Pre-computed reachability is an approximate analysis technique that determines vulnerability exposure by operating directly on dependency relationships and available metadata. This method eliminates the need for code compilation or full call graph generation while automatically treating all direct dependencies as reachable and focusing on analyzing transitive dependencies.
Pre-computed reachability offers a faster alternative to traditional analysis, enabling teams to assess potential risks when a full build or complete call graph is unavailable. It can serve as the primary method for quick scans or as the fallback option when traditional reachability analysis fails after a full scan. However, this approach may produce false positives.
To enable pre-computed reachability analysis, use the ENDOR_SCAN_ENABLE_PRECOMPUTED_CALLGRAPHS flag.
export ENDOR_SCAN_ENABLE_PRECOMPUTED_CALLGRAPHS=true
Once enabled, pre-computed reachability analysis is used in the following scenarios:
-
Quick Scan: When you run
endorctl scan --quick-scan, the system uses pre-computed reachability analysis. -
Full Scan: When you run
endorctl scan, the system attempts traditional call graph generation first and switches to pre-computed reachability only if the build fails.

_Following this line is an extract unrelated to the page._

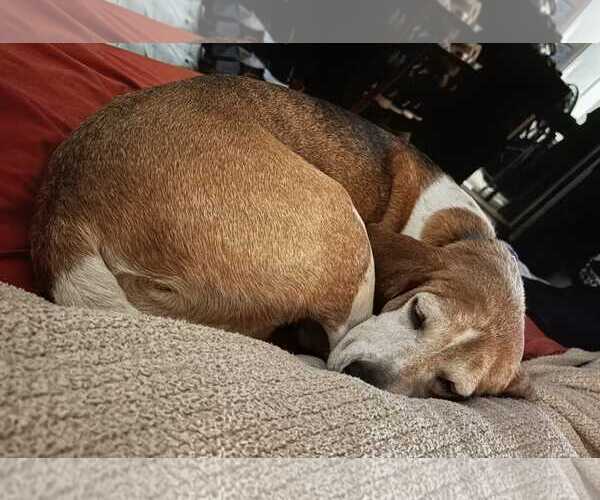 Medium Photo #9 Beagle-Unknown Mix Puppy For Sale in Dunnellon, FL, USA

Pre-computed reachability is supported for the following languages: java, javascript, typescript, kotlin, python, scala, and C#.

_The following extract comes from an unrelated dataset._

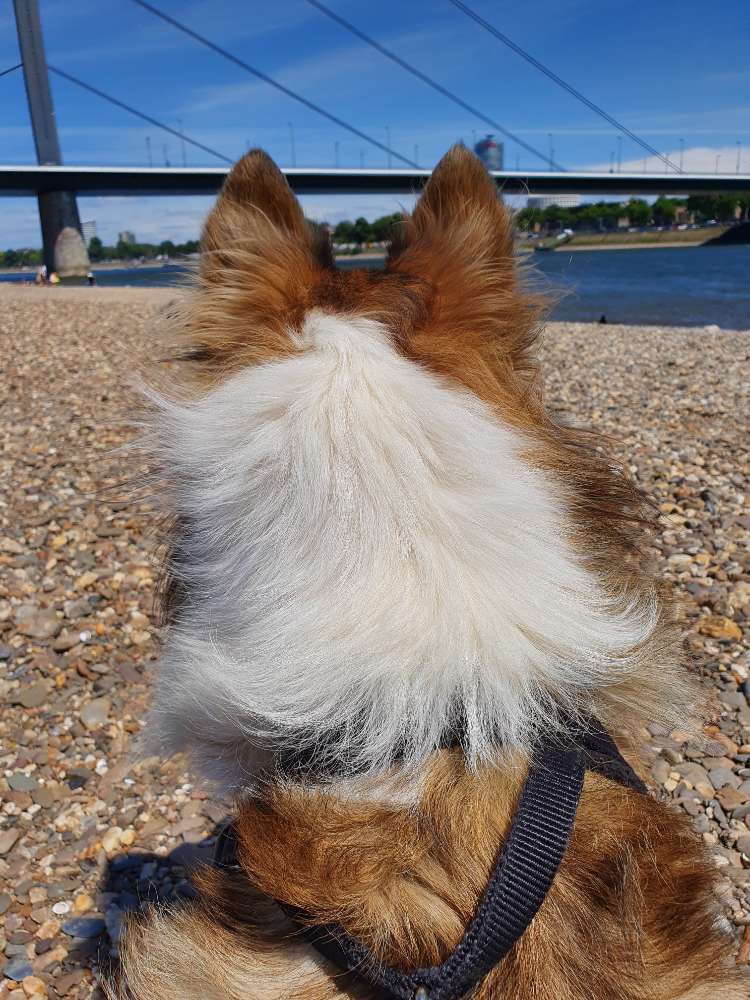 Hundetreffen-Gesellschaft für gemeinsame Runden gesucht-Profilbild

Scan modes and pre-computed reachability
Endor Labs supports multiple scan modes that can utilize pre-computed reachability analysis. The analysis type depends on whether a call graph is generated and whether pre-computed reachability is available as a fallback.
The following table summarizes how pre-computed reachability is used across different scan modes:
| Scan type | Reachability analysis type | Reachability Coverage | Call graph generated |
|---|---|---|---|
| Quick scan | None | None | ✗ |
| Quick scan with pre-computed flag | Pre-computed | Transitive dependencies | ✗ |
| Full scan | Full dependency-level and function-level | Direct and transitive dependencies | ✓ |
| Full scan with pre-computed flag | Dependency-level and function-level. If the code build fails, it falls back to pre-computed reachability | Direct and transitive dependencies | ✗ |
Pre-computer reachability analysis process
Pre-computed reachability analysis evaluates transitive dependencies using available metadata and entry points. This analysis provides an approximate assessment of vulnerability exposure in dependencies.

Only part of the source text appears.